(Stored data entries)

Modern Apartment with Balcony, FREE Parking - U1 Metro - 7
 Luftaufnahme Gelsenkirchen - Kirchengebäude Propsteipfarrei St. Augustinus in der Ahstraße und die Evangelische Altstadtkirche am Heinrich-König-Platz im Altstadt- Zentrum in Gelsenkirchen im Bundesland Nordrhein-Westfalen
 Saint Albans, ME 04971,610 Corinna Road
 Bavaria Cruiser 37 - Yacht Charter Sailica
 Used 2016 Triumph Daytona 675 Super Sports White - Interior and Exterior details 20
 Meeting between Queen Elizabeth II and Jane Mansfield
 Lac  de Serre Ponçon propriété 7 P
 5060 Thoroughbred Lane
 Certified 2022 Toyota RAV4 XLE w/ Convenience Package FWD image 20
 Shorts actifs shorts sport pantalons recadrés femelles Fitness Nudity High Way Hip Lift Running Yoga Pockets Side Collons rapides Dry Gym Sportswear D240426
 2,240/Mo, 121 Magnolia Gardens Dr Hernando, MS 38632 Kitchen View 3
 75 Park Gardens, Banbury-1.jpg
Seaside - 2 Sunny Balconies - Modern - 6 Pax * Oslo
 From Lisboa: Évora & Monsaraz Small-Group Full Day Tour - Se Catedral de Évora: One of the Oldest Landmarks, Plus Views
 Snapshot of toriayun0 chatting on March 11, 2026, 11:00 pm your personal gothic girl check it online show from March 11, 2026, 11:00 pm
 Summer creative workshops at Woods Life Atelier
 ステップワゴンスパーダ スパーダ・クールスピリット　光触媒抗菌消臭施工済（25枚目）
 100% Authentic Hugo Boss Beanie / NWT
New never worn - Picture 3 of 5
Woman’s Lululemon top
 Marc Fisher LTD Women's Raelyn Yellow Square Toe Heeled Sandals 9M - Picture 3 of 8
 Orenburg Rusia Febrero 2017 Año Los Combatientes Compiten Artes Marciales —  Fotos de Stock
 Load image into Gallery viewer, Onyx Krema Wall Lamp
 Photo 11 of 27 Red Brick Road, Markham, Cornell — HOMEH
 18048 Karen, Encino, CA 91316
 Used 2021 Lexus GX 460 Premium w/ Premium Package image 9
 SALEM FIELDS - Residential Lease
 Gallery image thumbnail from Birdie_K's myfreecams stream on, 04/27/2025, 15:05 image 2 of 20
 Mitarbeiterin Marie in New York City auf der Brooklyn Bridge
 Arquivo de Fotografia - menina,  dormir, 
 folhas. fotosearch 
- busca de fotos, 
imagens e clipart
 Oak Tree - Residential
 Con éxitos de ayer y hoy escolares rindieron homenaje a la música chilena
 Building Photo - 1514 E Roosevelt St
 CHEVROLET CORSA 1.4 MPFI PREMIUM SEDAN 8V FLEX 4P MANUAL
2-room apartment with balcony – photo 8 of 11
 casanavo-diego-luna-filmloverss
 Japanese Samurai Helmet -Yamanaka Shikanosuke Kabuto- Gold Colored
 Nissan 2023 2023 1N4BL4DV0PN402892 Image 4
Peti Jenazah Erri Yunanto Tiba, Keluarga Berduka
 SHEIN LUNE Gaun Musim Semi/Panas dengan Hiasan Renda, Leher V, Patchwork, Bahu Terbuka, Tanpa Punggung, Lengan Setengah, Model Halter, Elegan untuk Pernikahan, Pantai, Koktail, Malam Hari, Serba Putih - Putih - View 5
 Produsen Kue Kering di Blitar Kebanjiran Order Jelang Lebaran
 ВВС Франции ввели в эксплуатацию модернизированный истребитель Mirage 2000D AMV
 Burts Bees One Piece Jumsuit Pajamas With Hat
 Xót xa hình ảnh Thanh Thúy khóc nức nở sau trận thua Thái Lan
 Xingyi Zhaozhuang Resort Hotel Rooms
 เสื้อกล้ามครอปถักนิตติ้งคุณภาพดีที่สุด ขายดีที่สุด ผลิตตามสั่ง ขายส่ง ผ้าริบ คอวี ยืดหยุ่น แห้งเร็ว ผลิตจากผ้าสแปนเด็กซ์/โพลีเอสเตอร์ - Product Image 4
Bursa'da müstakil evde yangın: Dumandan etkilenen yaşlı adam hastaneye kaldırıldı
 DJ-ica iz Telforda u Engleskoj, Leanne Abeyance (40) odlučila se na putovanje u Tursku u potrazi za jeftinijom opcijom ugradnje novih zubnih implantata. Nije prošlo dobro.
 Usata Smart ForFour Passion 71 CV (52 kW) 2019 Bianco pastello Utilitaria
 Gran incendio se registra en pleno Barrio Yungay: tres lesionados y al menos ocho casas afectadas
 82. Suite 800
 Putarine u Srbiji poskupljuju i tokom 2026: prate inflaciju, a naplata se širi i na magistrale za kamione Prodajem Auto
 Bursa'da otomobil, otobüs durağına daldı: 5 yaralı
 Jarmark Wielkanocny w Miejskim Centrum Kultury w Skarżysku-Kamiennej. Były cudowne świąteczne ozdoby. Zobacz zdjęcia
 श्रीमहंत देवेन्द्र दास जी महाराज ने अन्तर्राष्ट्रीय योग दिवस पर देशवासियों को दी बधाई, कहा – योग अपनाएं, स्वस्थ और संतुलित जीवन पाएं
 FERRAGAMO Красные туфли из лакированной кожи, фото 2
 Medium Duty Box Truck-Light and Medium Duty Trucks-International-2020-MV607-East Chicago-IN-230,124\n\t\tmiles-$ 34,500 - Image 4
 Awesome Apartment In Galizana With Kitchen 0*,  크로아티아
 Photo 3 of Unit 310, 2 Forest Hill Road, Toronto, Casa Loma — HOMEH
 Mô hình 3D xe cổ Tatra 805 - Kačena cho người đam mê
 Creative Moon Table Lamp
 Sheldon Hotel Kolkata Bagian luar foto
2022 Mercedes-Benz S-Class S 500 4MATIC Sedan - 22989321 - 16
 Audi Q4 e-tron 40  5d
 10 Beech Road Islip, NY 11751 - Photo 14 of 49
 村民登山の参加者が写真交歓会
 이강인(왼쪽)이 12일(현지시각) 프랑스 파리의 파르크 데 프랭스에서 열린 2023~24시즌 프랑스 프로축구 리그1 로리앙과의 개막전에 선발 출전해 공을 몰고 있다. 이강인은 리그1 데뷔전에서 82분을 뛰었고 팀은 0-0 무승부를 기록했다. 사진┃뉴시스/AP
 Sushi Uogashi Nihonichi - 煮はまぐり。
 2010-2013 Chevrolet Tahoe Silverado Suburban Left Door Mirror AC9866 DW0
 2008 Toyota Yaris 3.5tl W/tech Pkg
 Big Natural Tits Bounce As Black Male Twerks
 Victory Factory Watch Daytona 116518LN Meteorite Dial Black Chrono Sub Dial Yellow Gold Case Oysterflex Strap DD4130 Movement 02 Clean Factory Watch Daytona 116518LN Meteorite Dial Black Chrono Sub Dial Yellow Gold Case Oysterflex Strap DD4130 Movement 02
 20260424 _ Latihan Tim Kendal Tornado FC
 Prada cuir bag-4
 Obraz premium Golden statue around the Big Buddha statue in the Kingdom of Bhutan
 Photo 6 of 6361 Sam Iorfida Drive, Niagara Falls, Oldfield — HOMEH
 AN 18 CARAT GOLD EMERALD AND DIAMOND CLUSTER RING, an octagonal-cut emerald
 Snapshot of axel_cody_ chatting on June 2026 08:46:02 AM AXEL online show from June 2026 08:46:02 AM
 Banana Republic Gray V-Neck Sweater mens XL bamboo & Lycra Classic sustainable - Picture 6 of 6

▶ REQUIRED WORK
After the last line, print all the entries once again, unchanged.

▶ EXERCISE ANSWER
Modern Apartment with Balcony, FREE Parking - U1 Metro - 7
 Luftaufnahme Gelsenkirchen - Kirchengebäude Propsteipfarrei St. Augustinus in der Ahstraße und die Evangelische Altstadtkirche am Heinrich-König-Platz im Altstadt- Zentrum in Gelsenkirchen im Bundesland Nordrhein-Westfalen
 Saint Albans, ME 04971,610 Corinna Road
 Bavaria Cruiser 37 - Yacht Charter Sailica
 Used 2016 Triumph Daytona 675 Super Sports White - Interior and Exterior details 20
 Meeting between Queen Elizabeth II and Jane Mansfield
 Lac  de Serre Ponçon propriété 7 P
 5060 Thoroughbred Lane
 Certified 2022 Toyota RAV4 XLE w/ Convenience Package FWD image 20
 Shorts actifs shorts sport pantalons recadrés femelles Fitness Nudity High Way Hip Lift Running Yoga Pockets Side Collons rapides Dry Gym Sportswear D240426
 2,240/Mo, 121 Magnolia Gardens Dr Hernando, MS 38632 Kitchen View 3
 75 Park Gardens, Banbury-1.jpg
Seaside - 2 Sunny Balconies - Modern - 6 Pax * Oslo
 From Lisboa: Évora & Monsaraz Small-Group Full Day Tour - Se Catedral de Évora: One of the Oldest Landmarks, Plus Views
 Snapshot of toriayun0 chatting on March 11, 2026, 11:00 pm your personal gothic girl check it online show from March 11, 2026, 11:00 pm
 Summer creative workshops at Woods Life Atelier
 ステップワゴンスパーダ スパーダ・クールスピリット　光触媒抗菌消臭施工済（25枚目）
 100% Authentic Hugo Boss Beanie / NWT
New never worn - Picture 3 of 5
Woman’s Lululemon top
 Marc Fisher LTD Women's Raelyn Yellow Square Toe Heeled Sandals 9M - Picture 3 of 8
 Orenburg Rusia Febrero 2017 Año Los Combatientes Compiten Artes Marciales —  Fotos de Stock
 Load image into Gallery viewer, Onyx Krema Wall Lamp
 Photo 11 of 27 Red Brick Road, Markham, Cornell — HOMEH
 18048 Karen, Encino, CA 91316
 Used 2021 Lexus GX 460 Premium w/ Premium Package image 9
 SALEM FIELDS - Residential Lease
 Gallery image thumbnail from Birdie_K's myfreecams stream on, 04/27/2025, 15:05 image 2 of 20
 Mitarbeiterin Marie in New York City auf der Brooklyn Bridge
 Arquivo de Fotografia - menina,  dormir, 
 folhas. fotosearch 
- busca de fotos, 
imagens e clipart
 Oak Tree - Residential
 Con éxitos de ayer y hoy escolares rindieron homenaje a la música chilena
 Building Photo - 1514 E Roosevelt St
 CHEVROLET CORSA 1.4 MPFI PREMIUM SEDAN 8V FLEX 4P MANUAL
2-room apartment with balcony – photo 8 of 11
 casanavo-diego-luna-filmloverss
 Japanese Samurai Helmet -Yamanaka Shikanosuke Kabuto- Gold Colored
 Nissan 2023 2023 1N4BL4DV0PN402892 Image 4
Peti Jenazah Erri Yunanto Tiba, Keluarga Berduka
 SHEIN LUNE Gaun Musim Semi/Panas dengan Hiasan Renda, Leher V, Patchwork, Bahu Terbuka, Tanpa Punggung, Lengan Setengah, Model Halter, Elegan untuk Pernikahan, Pantai, Koktail, Malam Hari, Serba Putih - Putih - View 5
 Produsen Kue Kering di Blitar Kebanjiran Order Jelang Lebaran
 ВВС Франции ввели в эксплуатацию модернизированный истребитель Mirage 2000D AMV
 Burts Bees One Piece Jumsuit Pajamas With Hat
 Xót xa hình ảnh Thanh Thúy khóc nức nở sau trận thua Thái Lan
 Xingyi Zhaozhuang Resort Hotel Rooms
 เสื้อกล้ามครอปถักนิตติ้งคุณภาพดีที่สุด ขายดีที่สุด ผลิตตามสั่ง ขายส่ง ผ้าริบ คอวี ยืดหยุ่น แห้งเร็ว ผลิตจากผ้าสแปนเด็กซ์/โพลีเอสเตอร์ - Product Image 4
Bursa'da müstakil evde yangın: Dumandan etkilenen yaşlı adam hastaneye kaldırıldı
 DJ-ica iz Telforda u Engleskoj, Leanne Abeyance (40) odlučila se na putovanje u Tursku u potrazi za jeftinijom opcijom ugradnje novih zubnih implantata. Nije prošlo dobro.
 Usata Smart ForFour Passion 71 CV (52 kW) 2019 Bianco pastello Utilitaria
 Gran incendio se registra en pleno Barrio Yungay: tres lesionados y al menos ocho casas afectadas
 82. Suite 800
 Putarine u Srbiji poskupljuju i tokom 2026: prate inflaciju, a naplata se širi i na magistrale za kamione Prodajem Auto
 Bursa'da otomobil, otobüs durağına daldı: 5 yaralı
 Jarmark Wielkanocny w Miejskim Centrum Kultury w Skarżysku-Kamiennej. Były cudowne świąteczne ozdoby. Zobacz zdjęcia
 श्रीमहंत देवेन्द्र दास जी महाराज ने अन्तर्राष्ट्रीय योग दिवस पर देशवासियों को दी बधाई, कहा – योग अपनाएं, स्वस्थ और संतुलित जीवन पाएं
 FERRAGAMO Красные туфли из лакированной кожи, фото 2
 Medium Duty Box Truck-Light and Medium Duty Trucks-International-2020-MV607-East Chicago-IN-230,124\n\t\tmiles-$ 34,500 - Image 4
 Awesome Apartment In Galizana With Kitchen 0*,  크로아티아
 Photo 3 of Unit 310, 2 Forest Hill Road, Toronto, Casa Loma — HOMEH
 Mô hình 3D xe cổ Tatra 805 - Kačena cho người đam mê
 Creative Moon Table Lamp
 Sheldon Hotel Kolkata Bagian luar foto
2022 Mercedes-Benz S-Class S 500 4MATIC Sedan - 22989321 - 16
 Audi Q4 e-tron 40  5d
 10 Beech Road Islip, NY 11751 - Photo 14 of 49
 村民登山の参加者が写真交歓会
 이강인(왼쪽)이 12일(현지시각) 프랑스 파리의 파르크 데 프랭스에서 열린 2023~24시즌 프랑스 프로축구 리그1 로리앙과의 개막전에 선발 출전해 공을 몰고 있다. 이강인은 리그1 데뷔전에서 82분을 뛰었고 팀은 0-0 무승부를 기록했다. 사진┃뉴시스/AP
 Sushi Uogashi Nihonichi - 煮はまぐり。
 2010-2013 Chevrolet Tahoe Silverado Suburban Left Door Mirror AC9866 DW0
 2008 Toyota Yaris 3.5tl W/tech Pkg
 Big Natural Tits Bounce As Black Male Twerks
 Victory Factory Watch Daytona 116518LN Meteorite Dial Black Chrono Sub Dial Yellow Gold Case Oysterflex Strap DD4130 Movement 02 Clean Factory Watch Daytona 116518LN Meteorite Dial Black Chrono Sub Dial Yellow Gold Case Oysterflex Strap DD4130 Movement 02
 20260424 _ Latihan Tim Kendal Tornado FC
 Prada cuir bag-4
 Obraz premium Golden statue around the Big Buddha statue in the Kingdom of Bhutan
 Photo 6 of 6361 Sam Iorfida Drive, Niagara Falls, Oldfield — HOMEH
 AN 18 CARAT GOLD EMERALD AND DIAMOND CLUSTER RING, an octagonal-cut emerald
 Snapshot of axel_cody_ chatting on June 2026 08:46:02 AM AXEL online show from June 2026 08:46:02 AM
 Banana Republic Gray V-Neck Sweater mens XL bamboo & Lycra Classic sustainable - Picture 6 of 6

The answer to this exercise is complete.